MANILA (Reuters) - A Philippine army offensive against a Muslim rebel faction has forced 70,000 people from their homes, a district governor said on Friday as he appealed for an end to the fighting, saying he was running out of money to feed the displaced.
The predominantly Christian Philippines has been battling Muslim rebels in the south of the archipelago for decades and while negotiations with the biggest group have raised hopes for peace, fighting with smaller factions erupts regularly.
The latest clashes are between the army and a faction known as the Bangsamoro Islamic Freedom Fighters (BIFF) in a marshy region of Mindanao island.

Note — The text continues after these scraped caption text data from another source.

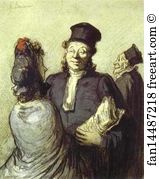 Lawyer Art Print - A Lawyer With His Client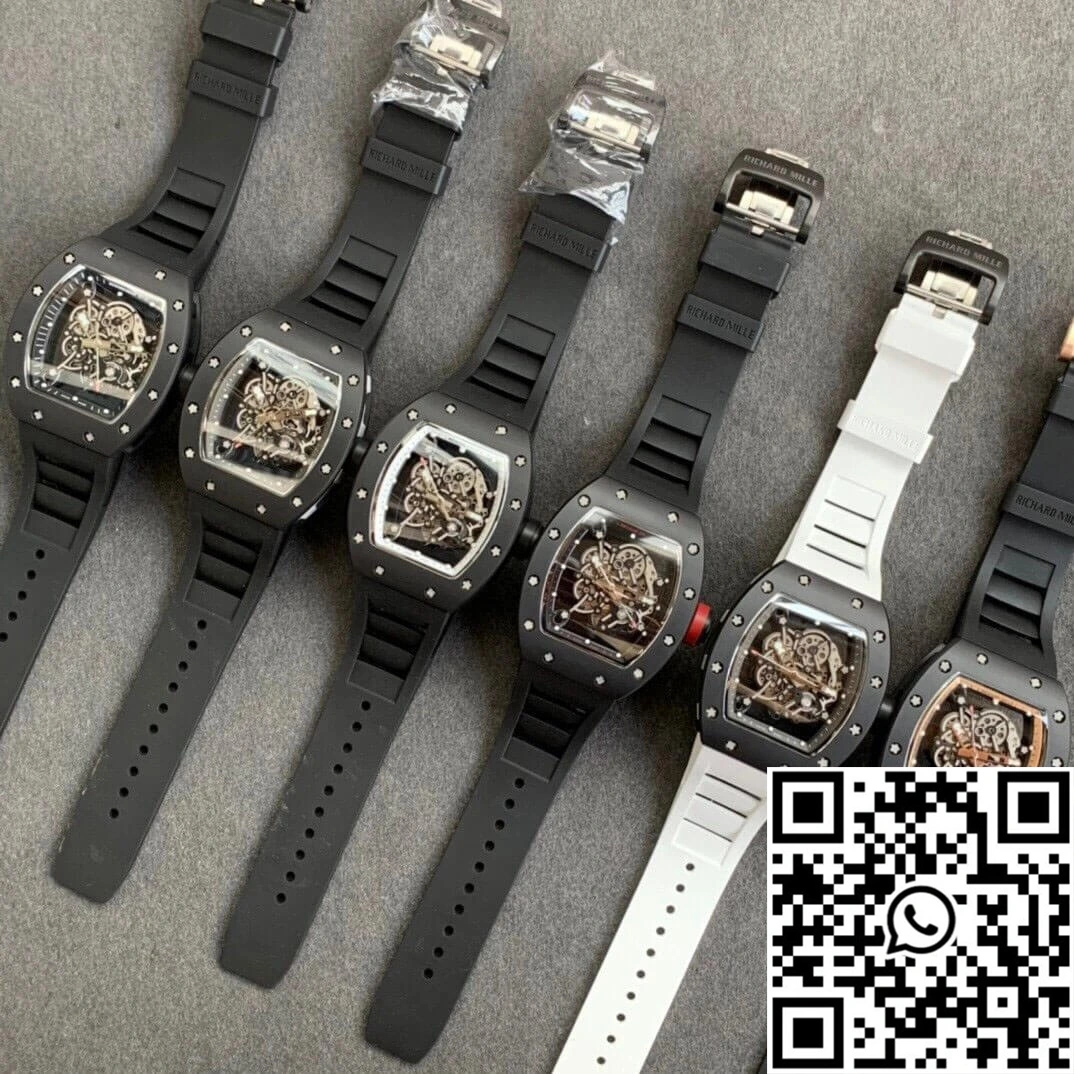 Richard Mille RM055 KV Factory V2 Ceramic Black Rubber Strap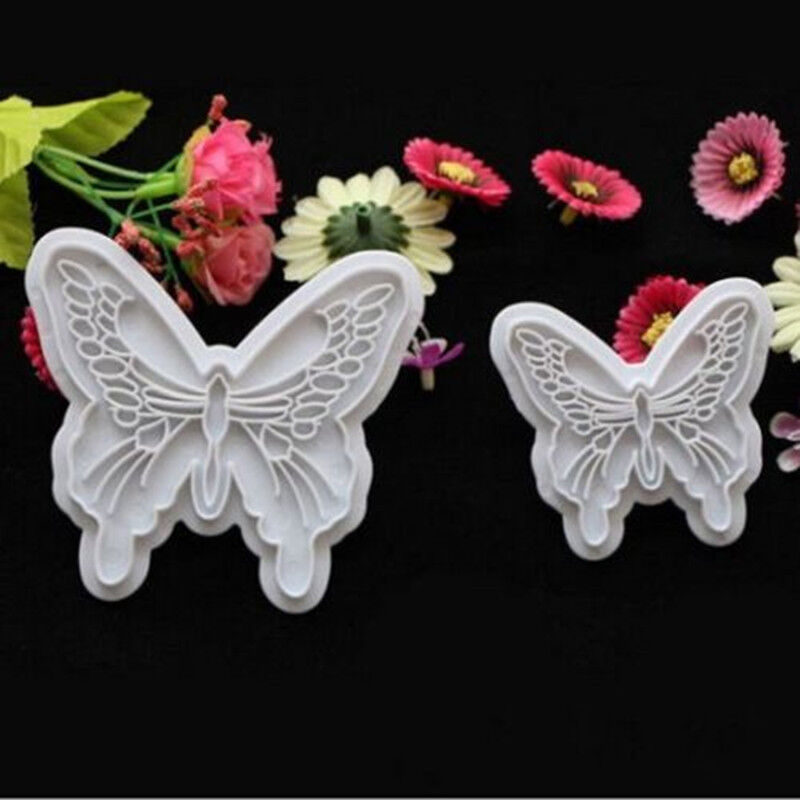 2 pcs/lot Butterfly Shape Cake Mold 2 Sizes Plastic Fondant DIY cake decorating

Mujiv Hataman, the governor of the region, said 70,000 people had fled army shelling and he called on the military to end the violence.
“I wish the army would end its offensive against the rebels because we are running out of funds to feed and shelter tens of thousands of people from 11 towns around the marshland,” Hataman told a radio station.
He said the army had told him they needed three more days.
An army spokesman, Brigadier-General Jose Kakilala, said soldiers were still pursuing the rebels.
“I cannot say we can end the offensive in 72 hours, it depends on the assessment of the ground commander but we can certainly consider the appeal of the governor,” he said.
The International Committee of the Red Cross said the number of displaced people was rising while a health officer in the region said civilians needed food, clean water and access to sanitation.
The fighting has raised concern about a fragile peace process between the government and the biggest rebel group, the Moro Islamic Liberation Front (MILF), which has links with the BIFF.
Rebels from both factions killed 44 policemen in a Jan. 25 clash when the police were trying to arrests two al Qaeda-linked militants.
President Benigno Aquino has promised the MILF autonomy in a southern region in exchange for peace.
But the Senate and House of Representatives suspended work on legislation for the autonomous region amid an outcry after the January clash.